月寒剑心 2024-09-26 06:26:13

strncpy(strings[0], "test", 6); 除非您的 C 库具有 strlcpy()。但是,如果您需要改变存储的大小,最好将 char **malloc()realloc() 一起使用free()

strncpy(strings[0], "test", 6); unless your C library has strlcpy(). However if you are going to need to vary the size of the storage, you're better off using a char ** with malloc(), realloc() and free().

半仙 2024-09-26 06:26:13

不能以这种方式直接分配数组。
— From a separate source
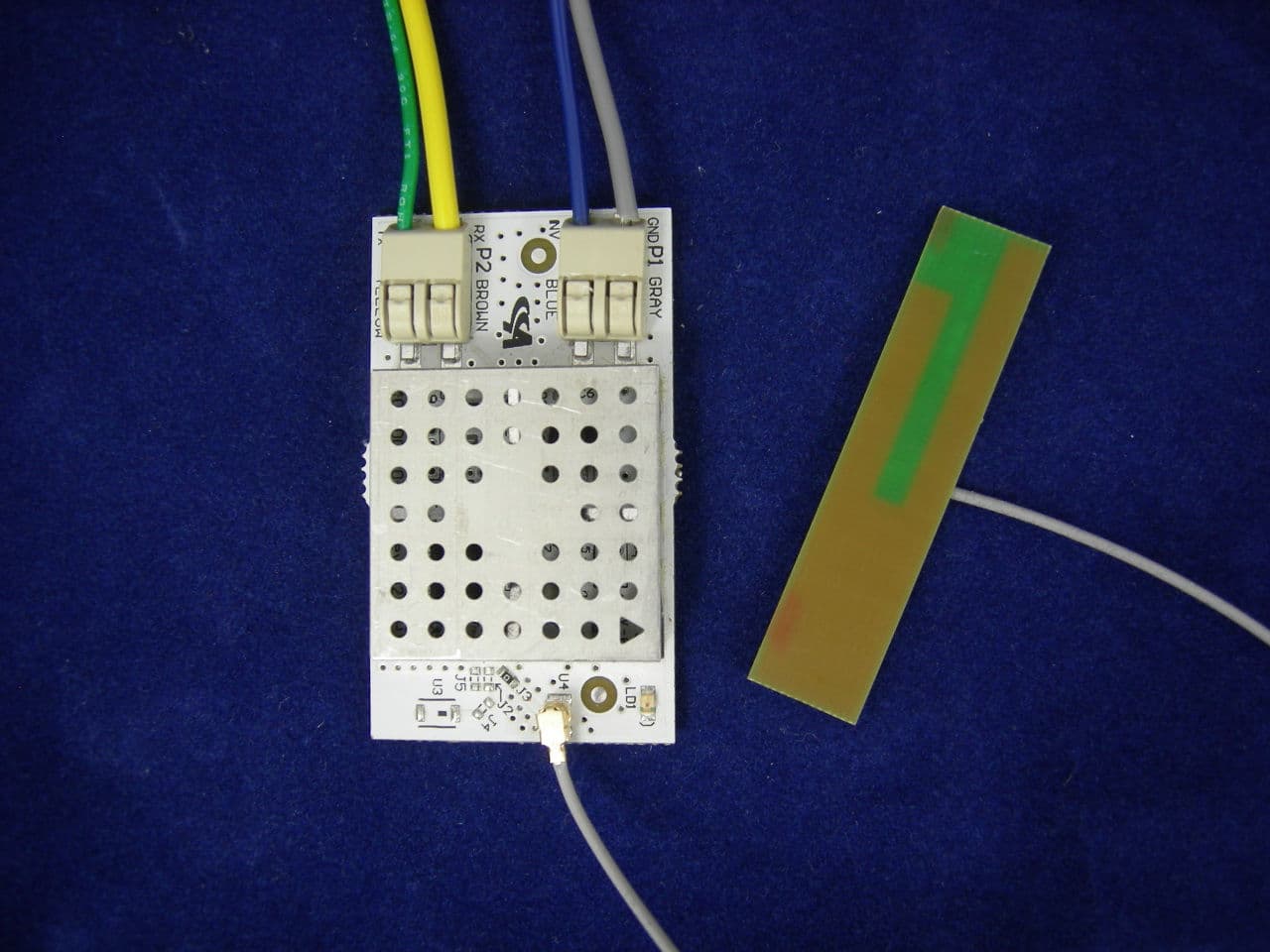 Bluetooth Low Energy Beacon - FCC ID 2ADCB-BLMF1 - Acuity Brands Lighting, Inc. (2)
在您当前的情况下,您需要执行类似的操作...

strcpy (strings[0], "test");

不过,使用指针数组会更惯用。看看 K & 的 p111 及以后的内容。 R。

One can't assign arrays directly in that way. In your current case, you would need to do something like...

strcpy (strings[0], "test");

It would be more idiomatic to use an array of pointers, though. Have a look at p111 and onwards of K & R.

哀由 2024-09-26 06:26:13

使用 strncpy (如果可能的话)或 strcpy 来完成作业。

Use strncpy (if at all possible) or strcpy for your assignment.

多孤肩上扛 2024-09-26 06:26:13

首先是简单的部分。您确实需要

#include <stdio.h>

消除不兼容的 printf 警告。这与标准所说的 C 工作方式有关,即允许您创建一些与标准 printf 不同的函数,该函数的隐式声明及其签名由编译器(错误地)猜测,并且编译器知道虽然你可以定义一个不同的 printf 但你可能实际上并不是故意的。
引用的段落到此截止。